======== Stored data ========
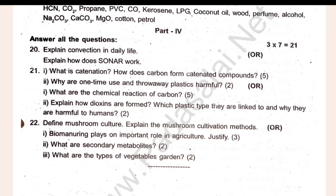It is easy to explain the conversion in daily life. It is easy to explain the culture and cultivation methods. It is easy to explain the hemispheres and equations.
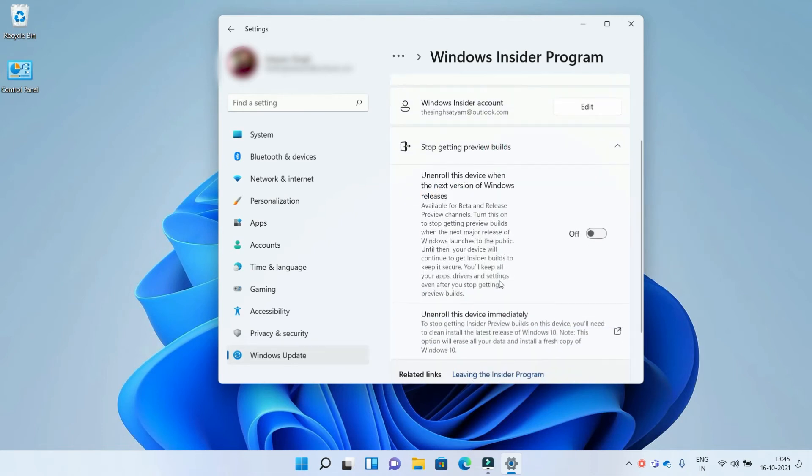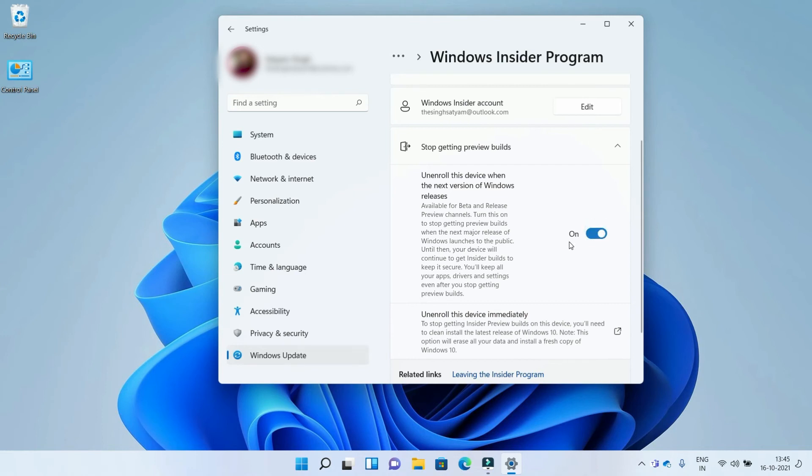As you can see, it's currently showing off, which means you will receive the build updates. But if you don't want to receive them, turn this on using this button. Now you won't receive any next Insider build update.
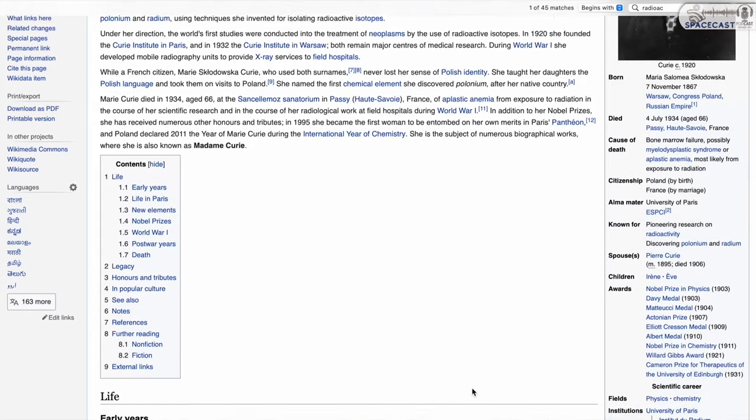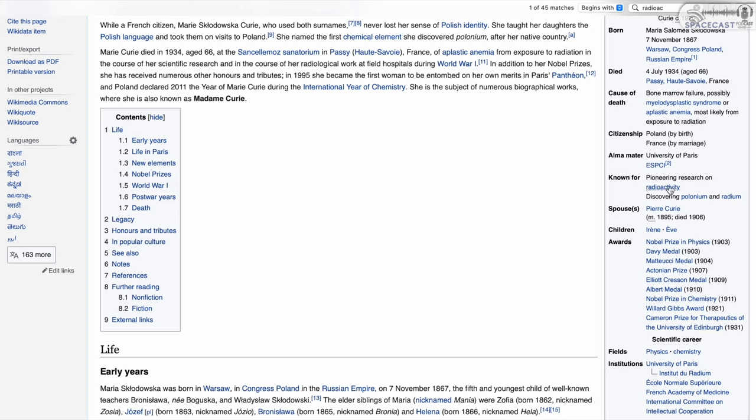Nobody really did anything practical with it. There were people like Marie Curie who studied radioactivity, and there were quite some people who started carrying radioactive stuff in their pockets and eventually faced the consequences.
========
### Required action
Retype the lines above exactly, no pictures.

### Output for this exercise
It is easy to explain the conversion in daily life. It is easy to explain the culture and cultivation methods. It is easy to explain the hemispheres and equations.
As you can see, it's currently showing off, which means you will receive the build updates. But if you don't want to receive them, turn this on using this button. Now you won't receive any next Insider build update.
Nobody really did anything practical with it. There were people like Marie Curie who studied radioactivity, and there were quite some people who started carrying radioactive stuff in their pockets and eventually faced the consequences.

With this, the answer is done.